Beynimiz de diğer tüm organlar gibi oksijenle ve gıdalarla beslenir. Beyni hastalık öncesinde korumak, koruyucu tıp açısından çok değerlidir. Beynimiz, ağırlık olarak vücudun sadece yüzde 2'si olduğu halde; vücuda giren oksijenin yüzde 20'sini, şekerinse büyük bölümünü tek başına tüketir. Oksijen oranı büyük şehirlerde yüzde 18-19'a düşer; doğal ortamda yüzde 20-21'dir. O halde beynin birinci koruması, bol oksijenli doğal yaşama önem vermekten geçer.
- Çevre kirliliği hafıza zayıflamasının ilk sorumlularındandır. Temiz hava beyin sağlığı için ilk şarttır.
- İkinci şart, spor ve yürüyüştür. Sporun, özellikle de haftada bir yapılacak olan ter attıran bir sporun, beyinde morfin benzeri maddeler salgılayarak anti-stres etkisi yarattığı artık bilimsel olarak kanıtlanmıştır. Bunun, göz ardı edilmemesi gereken bir etkisi vardır.
- Üçüncü şart beyinde mutluluk hormonu salgılanmasına yol açan pozitif yaşam felsefesinin yaşam tarzı olarak seçilmesidir. Sevgi duygusunun güçlendiği, dolayısıyla korkunun azaldığı, güven duygusunun geliştiği pozitif yaşam felsefesini öğrenmek ve uygulamak hiç zor değildir.

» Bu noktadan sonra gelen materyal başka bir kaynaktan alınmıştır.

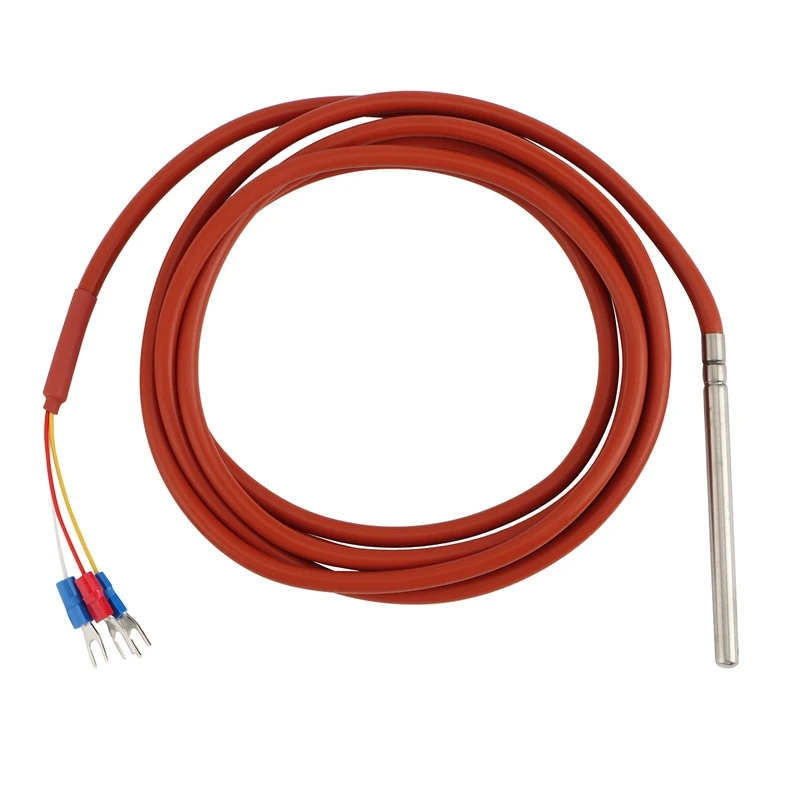 

PT100 RTD Temperature Sensor 6Mmx80mm Class B 2M Silicone Gel Coated Wire Platinum Resistance Pt 100 Stainless Steel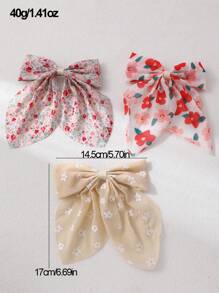 3pcs/Set Girls Butterfly Floral Ribbon Hair Clips Hairpins, Daily Decor - Multicolor - View 6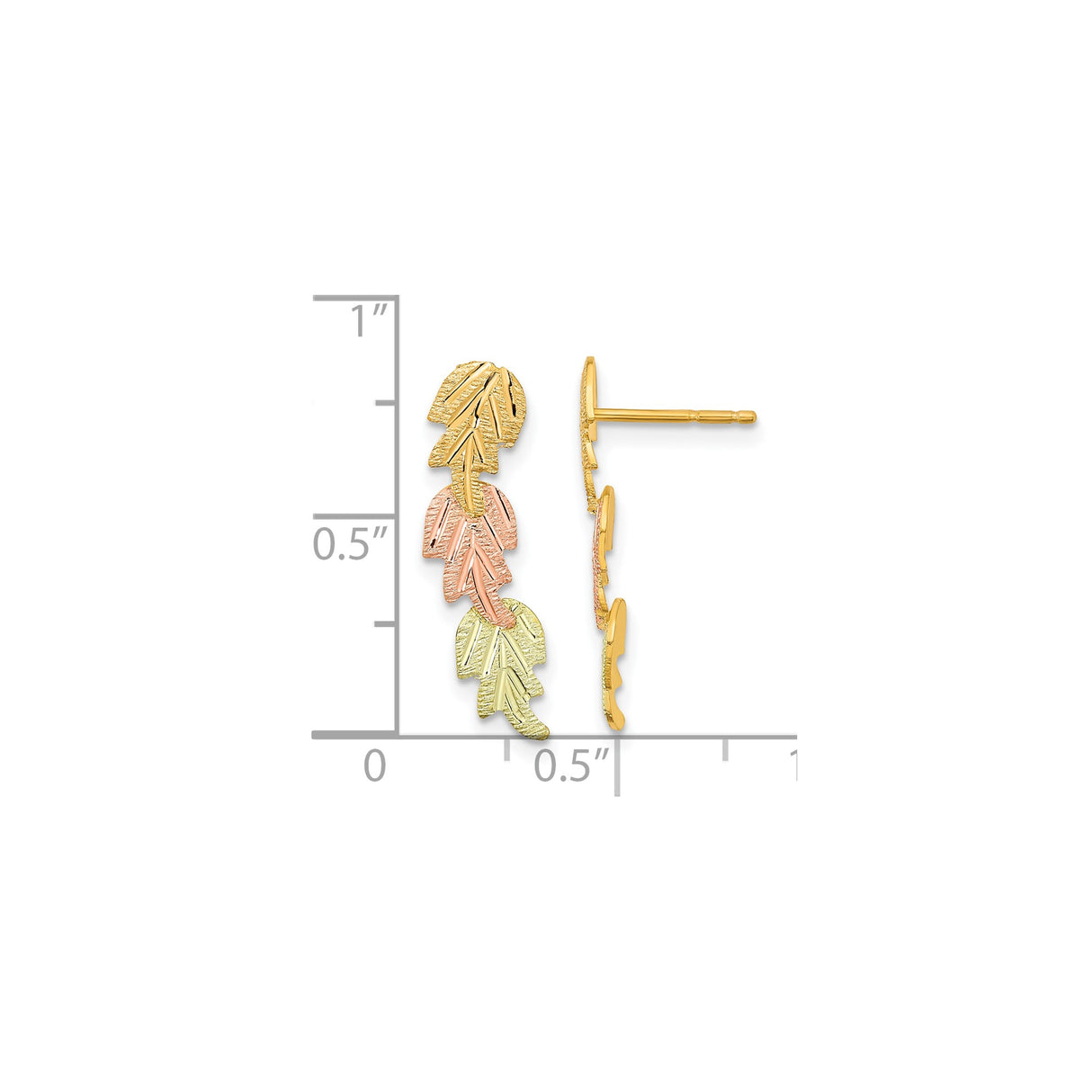 10k Tri-Color Gold Leaf Climber Earrings with Textured Yellow, White, and Rose Gold Leaves
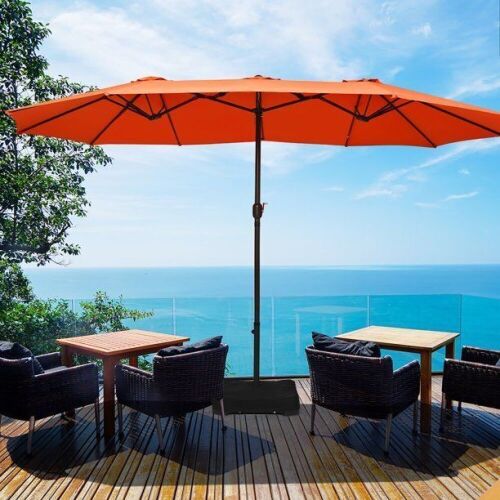 15 Ft Patio Double Sided Outdoor Market Umbrella - Lot 831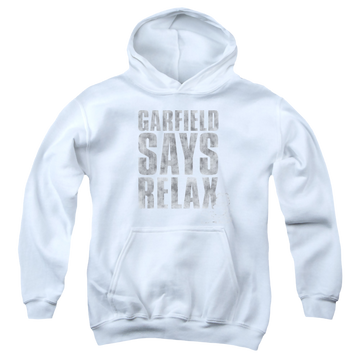 White youth hoodie for ages 8 to 12 with Garfield Relax graphic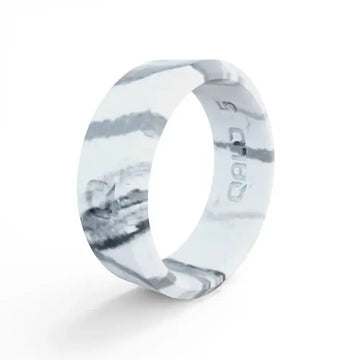 QALO White Marble Modern Beveled Silicone Band - Larson Jewelers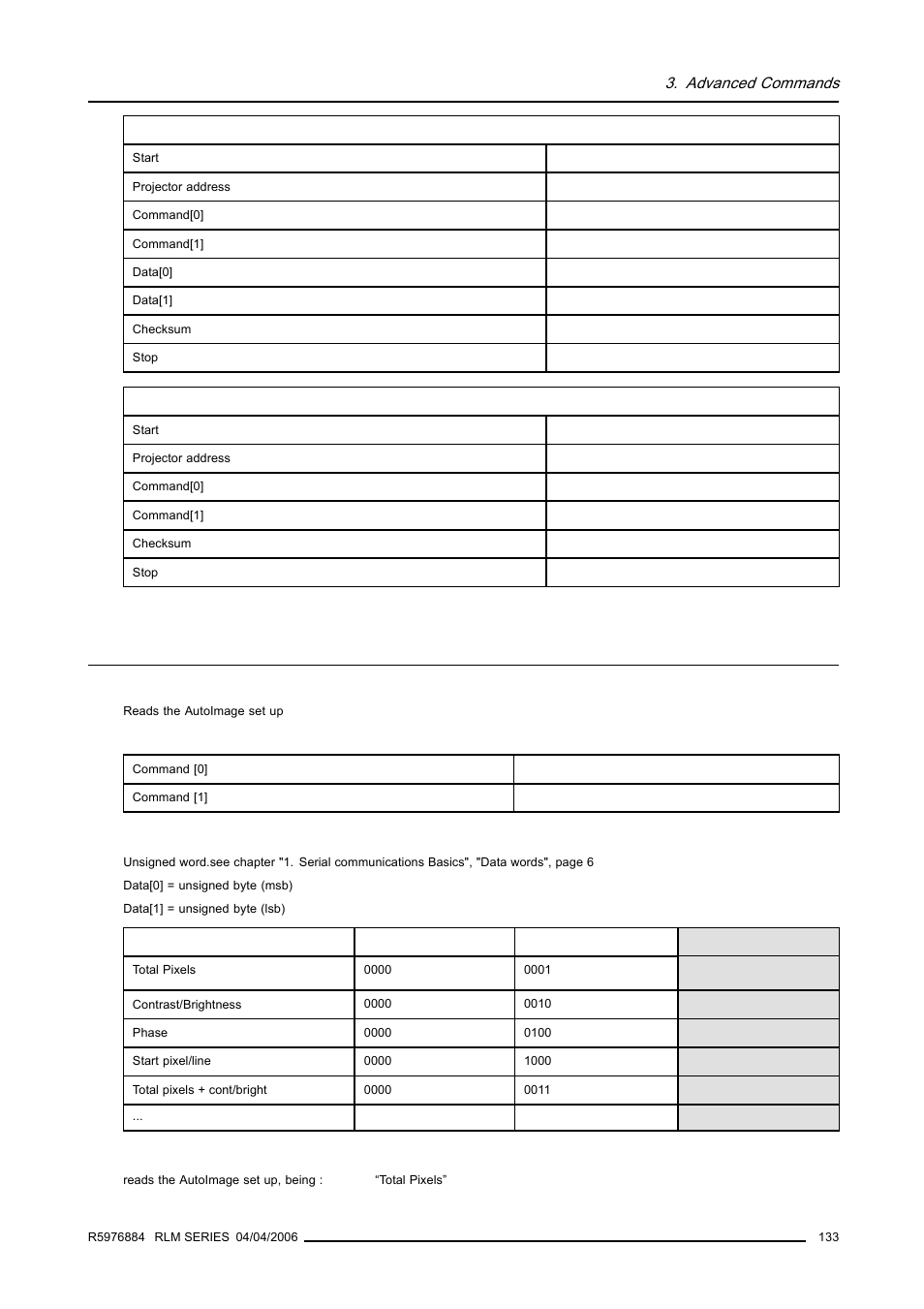 19 autoimage setup, read, Autoimage setup, read, Advanced commands | Barco RS232 User Manual | Page 135 / 171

- Dördüncü şart doğru beslenmedir. Beyin kan şekerini doğrudan kullanır. Kan şekerimizi düşürmememiz gerekir. Bunun için serbest radikal giderici antioksidan, hücre yenileyici özellikteki taze sebze ve meyveler favori gıdamız olmalıdır. E ve C vitamini yönünden zengin gıdalar beyin hücre yıpranmasını önler. Çayın, özellikle yeşil çayın tüketilmesi beyin sağlığı için yararlıdır. Beyin için gerekli vitamin, mineral ve oligoelementleri çokça sağlayan bal, ceviz, fındık, çörekotu, badem karışımını her sabah bir çorba kaşığı alırsanız, güne daha sağlıklı başlamış olursunuz.